Today, a strictly food and drink post with photos of new foods we have had from Indonesia, Singapore, and Malaysia. I begin with something unusual, a food that I did not like. In Jakarta, I ordered a rice dish that came with a salted egg. I learned that I am not a fan of the white part of this hard-boiled egg. Salted eggs are served with a noticeable number of dishes but are usually an add-on. I won't be adding it on! The yolk tasted like grainy aged cheese, but the white part was totally grainy, chalky and too salty.
We usually have snacks and this is a display of the snacks we bought in Cirebon. Two kinds of peanuts (different seasonings) and cassava chips. More cassava chips to be found than potato chips, but the flavor is very similar. I bought these cassava chips because they were truffle flavored.

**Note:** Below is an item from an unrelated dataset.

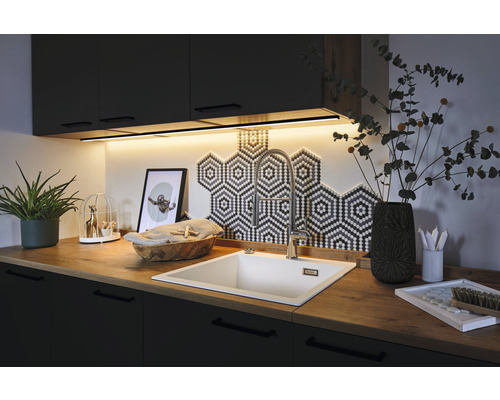 Paulmann aluminium profiel met witte diffuser, basis aluminium/zwart, 2,0 m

In Yogyakarta, we had a buffet dinner of traditional Indonesian food as part of our Ramayana Ballet experience. For the first time, I ate snake fruit. I had seen it on the breakfast buffet at our hotels but did not know what it was. I asked a waiter at the buffet, and he showed me how to peel it and eat it. The three sections that came from a snake fruit are on the plate with some papaya and pineapple. The snake fruit sections look like jackfruit sections, same color and large seed, and taste a bit like jackfruit, but are not nearly as good. I would eat snake fruit again, but I won't search for it like I do for jackfruit.
The next plate includes some of the main items from the Ballet buffet. Satay (meat on a stick), acar (the sliced veggies in the middle, a kind of relish), rice wrapped in a banana leaf (the dark green triangle on left), sauteed vegetables, fried tofu (the light brown chunk), and an egg roll with spicy sauce. Some of the sauces are truly spicy and some are flavorful spicy. Since I don't know Indonesian, it is always a roll of the dice whether any sauce I get is truly spicy or just flavorful!
This is gudeg, a common breakfast food specifically popular in Yogyakarta. At our hotel, a staff member was on hand at the breakfast buffet to show non-locals how to prepare the gudeg and what the ingredients are. Rice is the base. Curry chicken (bone-in), cooked coconut meat, a brown egg (soy sauce colored, much better than salt egg), tempeh (a soybean product just to the right of the brown egg half), and the main ingredient, stewed unripe jackfruit (the brown stuff that looks, and tastes, like pulled pork). I liked it and had it for breakfast several times at our Yogyakarta hotel.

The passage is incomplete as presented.